I don't know if any of you have ever been in a huge building alone as a kid or an adult. As a kid I remember we'd play hide and seek in the basement of the church I grew up in while the adults ate finger food and drank punch upstairs somewhere. It always seemed like you'd get spooked and run like you'd never run in your life down a dark hallway. Also my dad used to rent "computer time"  in a big office building in downtown KC. I'd be the only person on the 10th floor poking in people's desks and such. Then I'd go even further down to the bathroom and get spooked and run like mad back to the computer room that was completely sealed and sound proof. My dad wouldn't have heard me yelling or running or anything the way it was set up. It was great fun.  I give you this as way as background to the places with dark hallways that might effect odd places I slept as an adult.

The first time we slept in a guest room inside a church it was in a smaller community, but the church could probably seat a couple hundred people. We had a compulsion to walk around and see everything just so we knew where we were at and how the land lay. My significant other sneaked into the sanctuary and tapped on the cymbals while I was in another part of the church getting a drink or something and tried to say it wasn't him. The church folks had thoughtfully put a lock on the door of the room.

One nice thing about a lock is that you are in a huge building alone and it's nice not to feel vulnerable. Two is that folks arrive at all kinds of early hours for church services and you'd like to not introduce yourself in your skivvies.

So another time, another religious institution, the guest room was actually a large lounge with six sofas that made into beds. So you just picked one and opened up. While it was a big space (besides being in a big building) it very distinctly wasn't a single bedroom. We dressed in the attached bathroom.

Well, putting it mildly I'm not an early riser. The early risers in this rural farm community were getting coffee going behind a folding curtain that attached to our room. My significant other got in the shower and gave me a moment to awake. I started worrying this big room was a Sunday School area and I should get moving. I traded the sofa room for the bathroom only to hear pounding on the door of our area. I was about to turn on the shower when my man opened the door and said that I needed to hurry they were going to have to turn off the water.  The snow storm had frozen and broken pipes which were filling the heating system with water. Uhm, okay, no pressure.

When I came out to join in the donuts and early morning church rituals, you could hear the water pounding in the heating vents like tribal drums. Really weird sound.

Okay, so another room another state. This time attached to the men's bathroom as this was the only bathroom that had a shower. My spouse taught me that it is inappropriate to balance one's makeup bag on the handle of a urinal, but honestly you just work with whatever space you have and there wasn't any.
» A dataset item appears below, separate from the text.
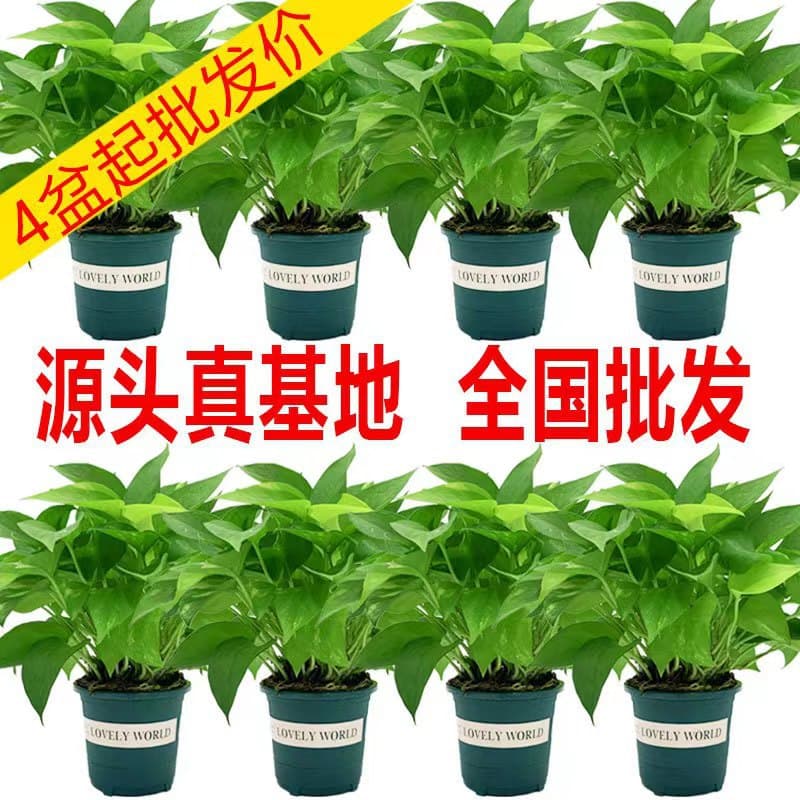 180 Green Ivy Potted Indoor Green Plant, Easy to Grow, Large-Leaf Green Ivy, Flower Plant Source Base Direct Supply to Market Wholesale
We stayed in this arrangement for eight weeks. It was in a urban spill from a very large city. The kitchen was in the basement which meant walking through the sanctuary (in the dark) and down some stairs and hallways to the kitchen for hot water or microwaves etc. So I had to psych myself up for the journey (see the paragraph of childhood basement running above!).

It was fine and we didn't mind. These are just the little challenges you don't think of unless you stay a place as unusual as the back of thousands of square feet of public use space. After a few days, someone from the pastoral family mentioned that we needed to double check the side door by the sanctuary (not the one we used in the back dark parking lot!) because it didn't always latch and sometimes homeless people came inside to get warm. No big deal but it was best to check. Yeah. Note to self check the doors and the dark hallways on the way to the far away kitchen.

So then my significant one had to leave for another meeting and I got to stay there completely alone for two weeks. It was fine. Really. So maybe yes, I ran a couple times thru dark hallways, but I was grateful for somewhere to stay. It probably helped the intensity of my prayers!


  1. Sleeping in a church the night before services is odd and stressful. I too, not being a morning person, envision waking to people opening the door on me in my skivvies.

    Why do darkened rooms feel so ominous when you know better? I wish I knew.

  2. There's some odd primal fear about the dark, isn't there?